Note that if you need backward compatibility with TLS 1.0 or 1.1, you could include the following ciphers. However, even though Golang hame some mitigations in place, we highly recommend against using them as they are fragile, and could potentially be exploited against attacks such as Lucky13.

  • TLS_ECDHE_ECDSA_WITH_AES_128_CBC_SHA
  • TLS_ECDHE_ECDSA_WITH_AES_256_CBC_SHA
  • TLS_ECDHE_RSA_WITH_AES_128_CBC_SHA
  • TLS_ECDHE_RSA_WITH_AES_256_CBC_SHA

  1. Identify the vulnerable patterns (example below):

    func GenClient() *http.Client {
      client := &http.Client{}

      cipherSuites := []uint16{tls.TLS_RSA_WITH_RC4_128_SHA, /* ... */}

      client.Transport = &http.Transport{
        TLSClientConfig: &tls.Config{CipherSuites: cipherSuites[:]}
      }

      return client
    }

  2. Replace the vulnerable patterns (example below):

    func GenClient() *http.Client {
      client := &http.Client{}

      cipherSuites := []uint16 {
        tls.TLS_AES_128_GCM_SHA256,
        tls.TLS_AES_256_GCM_SHA384,
        tls.TLS_CHACHA20_POLY1305_SHA256,
        tls.TLS_ECDHE_ECDSA_WITH_AES_128_GCM_SHA256,
        tls.TLS_ECDHE_RSA_WITH_AES_128_GCM_SHA256,
        tls.TLS_ECDHE_ECDSA_WITH_AES_256_GCM_SHA384,
        tls.TLS_ECDHE_RSA_WITH_AES_256_GCM_SHA384,
        tls.TLS_ECDHE_ECDSA_WITH_CHACHA20_POLY1305,
        tls.TLS_ECDHE_ECDSA_WITH_CHACHA20_POLY1305_SHA256,
        tls.TLS_ECDHE_RSA_WITH_CHACHA20_POLY1305,
        tls.TLS_ECDHE_RSA_WITH_CHACHA20_POLY1305_SHA256
      }

      client.Transport = &http.Transport{
        TLSClientConfig: &tls.Config{CipherSuites: cipherSuites}
      }

      return client
    }

  3. Test it

  4. Ship it 🚢 and relax 🌴

Usage of a Cipher with no Forward Secrecy

When using TLS, you must choose a set of cipher suites that you are willing to communicate with.
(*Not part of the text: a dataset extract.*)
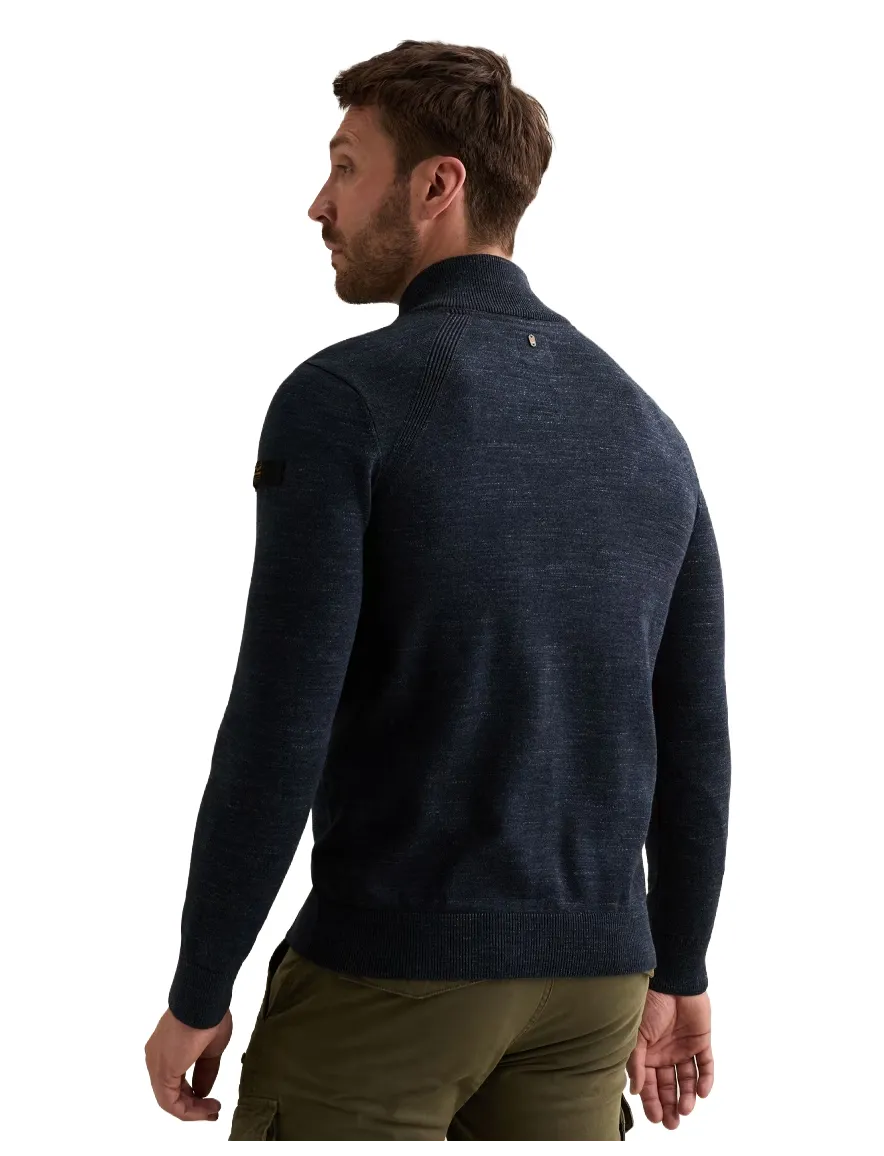 PME Legend trui half zip donkerblauw gemeleerd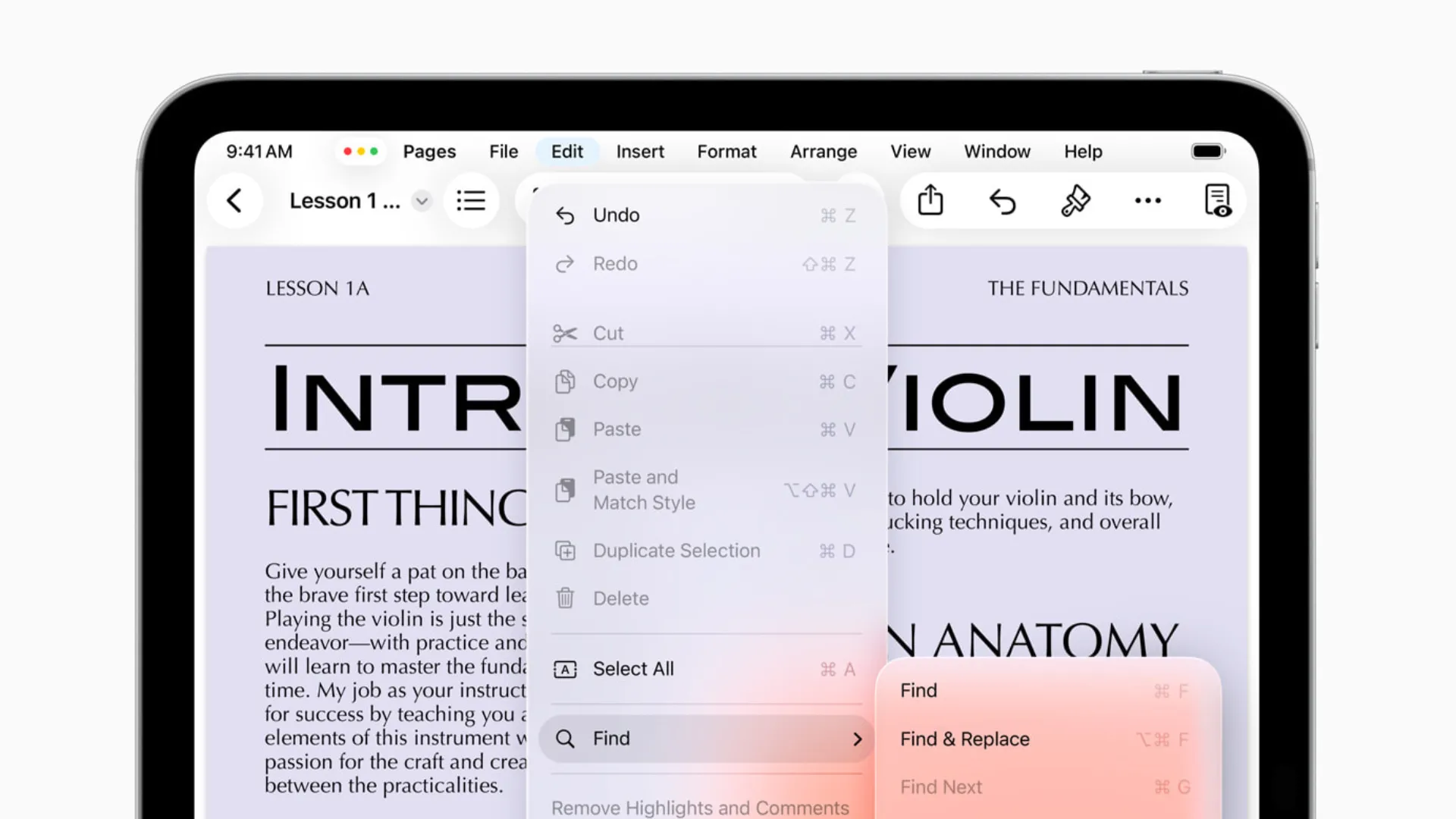 Thanh Menu mới trong iPadOS 26, hiển thị các tùy chọn điều khiển ứng dụng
However, not all of these ciphers provide forward secrecy.

If a cipher suite has forward secrecy, that gives assurances that session keys will not be compromised even if long-term secrets used in the session key exchange are compromised.

Not having forward secrecy means that if any long-term secrets (usually a server's private key) are leaked, then all conversations whose key exchange depended on the long-term secret can be decrypted.

Rule-specific references:

Option A: Use a Cipher that has Forward Secrecy

This option entails removing support for ciphers that don't have forward secrecy, such as most ciphers that use RSA for authentication.
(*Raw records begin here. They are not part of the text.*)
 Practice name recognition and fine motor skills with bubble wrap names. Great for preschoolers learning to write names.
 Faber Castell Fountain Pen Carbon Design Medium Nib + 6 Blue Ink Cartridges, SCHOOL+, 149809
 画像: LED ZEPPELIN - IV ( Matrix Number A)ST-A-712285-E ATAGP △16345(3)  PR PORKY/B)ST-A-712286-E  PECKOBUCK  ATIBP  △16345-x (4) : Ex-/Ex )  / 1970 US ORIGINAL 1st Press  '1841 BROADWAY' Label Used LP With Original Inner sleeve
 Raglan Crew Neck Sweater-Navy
  1. Locate the vulnerable patterns (example below):

    func GenClient() *http.Client {
      client := &http.Client{}

      cipherSuites :=
      []uint16{tls.TLS_RSA_WITH_AES_128_GCM_SHA256, /* ... */}

      client.Transport = &http.Transport{
        TLSClientConfig: &tls.Config{CipherSuites: cipherSuites}
      }

      return client
    }

  2. Replace the vulnerable patterns (example below):

    func GenClient() *http.Client {
      client := &http.Client{}

      cipherSuites :=
      []uint16{
        tls.TLS_ECDHE_RSA_WITH_AES_128_GCM_SHA256,
        tls.TLS_ECDHE_ECDSA_WITH_AES_128_GCM_SHA256,
        tls.TLS_ECDHE_RSA_WITH_AES_256_GCM_SHA384,
        tls.TLS_ECDHE_ECDSA_WITH_AES_256_GCM_SHA384,
        tls.TLS_ECDHE_RSA_WITH_CHACHA20_POLY1305_SHA256,
        tls.TLS_ECDHE_ECDSA_WITH_CHACHA20_POLY1305_SHA256,
        tls.TLS_AES_128_GCM_SHA256,
        tls.TLS_AES_256_GCM_SHA384,
        tls.TLS_CHACHA20_POLY1305_SHA256
      }

      client.Transport = &http.Transport{
        TLSClientConfig: &tls.Config{CipherSuites: cipherSuites}
      }

      return client
    }

  3. Test it

  4. Ship it 🚢 and relax 🌴

TLS 1.0 and 1.1 are Insecure/Deprecated

Using TLS versions 1.0 and 1.1 can potentially be insecure, especially if you are the client. There are multiple attacks against TLS versions 1.0, and 1.1 including:

There are mitigations against some of the exploits listed above, but it cannot be verified that both users on either side of the TLS connection have deployed such mitigations.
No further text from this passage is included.